To make matters worse, rather than seeing the above dynamic as the source of
increased conflict, have the lawyers step back in favor of each parent documenting
the other’s moves and behaviors so that they can be negatively interpreted
and held against them. In little time, the parental conflict will have taken
on a life of its own to which an assessor can then be introduced. Whichever
lawyer is most dissatisfied with the outcome of the assessment can then initiate
an attack on the assessor to undermine the assessor’s credibility with
the courts. So rather than ever settling, the nature, depth and breadth of the
attack can escalate, keeping a resolution at bay seemingly forever. The children
get to languish indefinitely, often deteriorating themselves, socially academically
and behaviorally. But that can always be blamed on the other parent!
Alternately, conflict between separated parents can be managed in favor of
achieving a negotiated settlement. Rather than a litigious disposition where
the lawyers encourage undermining the integrity and position of the other parent,
they can work towards identifying issues and developing solutions to maintain
or improve relationships and parental functioning. In the long run, they can
help their respective client appreciate how two well-intentioned and healthy
parents can better provide for the long-term interests and needs of their children.

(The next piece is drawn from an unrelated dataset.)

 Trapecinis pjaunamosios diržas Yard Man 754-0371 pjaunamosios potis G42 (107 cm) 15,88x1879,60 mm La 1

They needn’t shy away from contentious issues, but address them not with
the intention of limiting parental involvement or authority, but with the intention
of improving parental well-being and hence care and well-being of the children.
As the lawyers reach impasses, they can bring in a social worker or other support,
not with a view to determining illness, but with the view of facilitating education
on matters related to the well-being of children between separated parents.
If mental health issues are apparent, referral to treatment facilities or agencies
can be facilitated. The social worker can also meet with the children to ascertain
their concerns and facilitate their adjustment to the parental separation. Throughout,
the social worker can also help parents make much needed adjustments to their
new circumstance. In the end, children can feel supported by both parents who
may be apt to act more reasonably and supportive of each other and hence minimize
concern or anxiety on the part of the children. They in turn will be better
able to concentrate and manage their tasks, such as school.
While presented above as one way or the other, it is clear that some custody
and access disputes intensify over time whereas others settle more easily.
The eye on the prize is the well-being of the children. While some parents’
behavior or bona fide problems are of concern, many can be dealt with in ways
that can lead to healthier conclusions. Parents are advised to be cautious that
the legal process isn’t the toxic event intensifying problems. Choose
your lawyer wisely and choose how it goes.